Half a dozen of Agatha's playmates were huddled in the trees, watching with wide eyes as they sent one of their numbers ahead to try the gate. Teodora followed the terrified child's progress from a window, peering unseen through smoke-darkened drapes.

Though pale-faced and clearly chosen for this task because he lost at whatever method of selection the children employed, the little boy approached the gate and knocked on it, the way adults did when they dropped in. His small fist only made a faint sound, lost to the wind in the distance across the courtyard. Teodora only knew he'd knocked because of the motion of his hand, and the way the boy turned after a few seconds to hiss towards the other children,

"She didn't answer! She's probably not home!"

"Knock again!" one of the mouthier children hissed back. "Louder this time!"

"You come do it if you're such an expert," the boy muttered back unhappily.

The exchange was halted because Teodora appeared in the doorway just then, and all the children's eyes were on her as she approached the gate, and leaned against it to look down at the boy.

"Yes?" Teodora said, and the boy quailed.

He looked back to the other children for support, but they huddled behind trees, almost-but-not-quite out of sight and pretending they were not there.
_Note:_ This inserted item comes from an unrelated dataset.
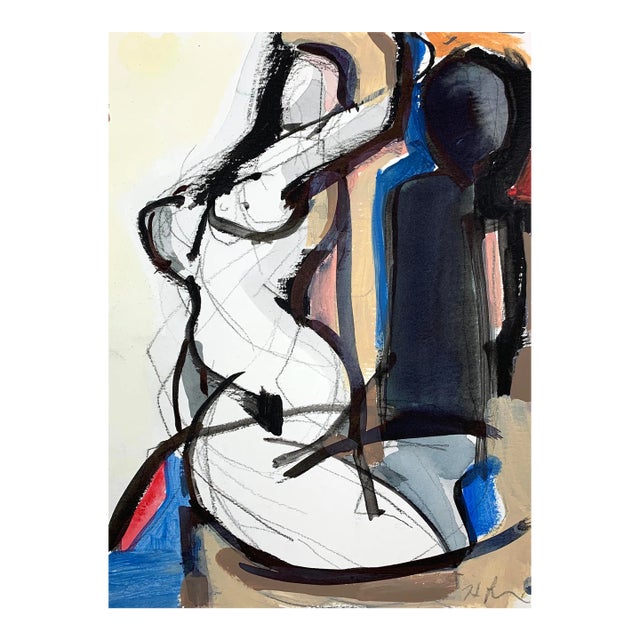 Woman Gesture Study, 12 X 9 on Paper For Sale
Finding no help from that direction, the boy looked like he was mentally cursing them as he turned back to Teodora.

"C-can Agatha come out and play?" the boy asked, clearly nervous.

"I'll ask if she wants to," Teodora replied.

The boy looked instantly relieved.

"Oh! So you didn't feed her to the spider?" he said, and then closed his mouth with a click, terror washing across his face as he considered that perhaps he should not have said what he did.

"That's silly, the spider doesn't eat people," Teodora replied.

"...No?"

"It would die if it tried to eat humans." It would die, Teodora didn't add, because she'd kill it herself.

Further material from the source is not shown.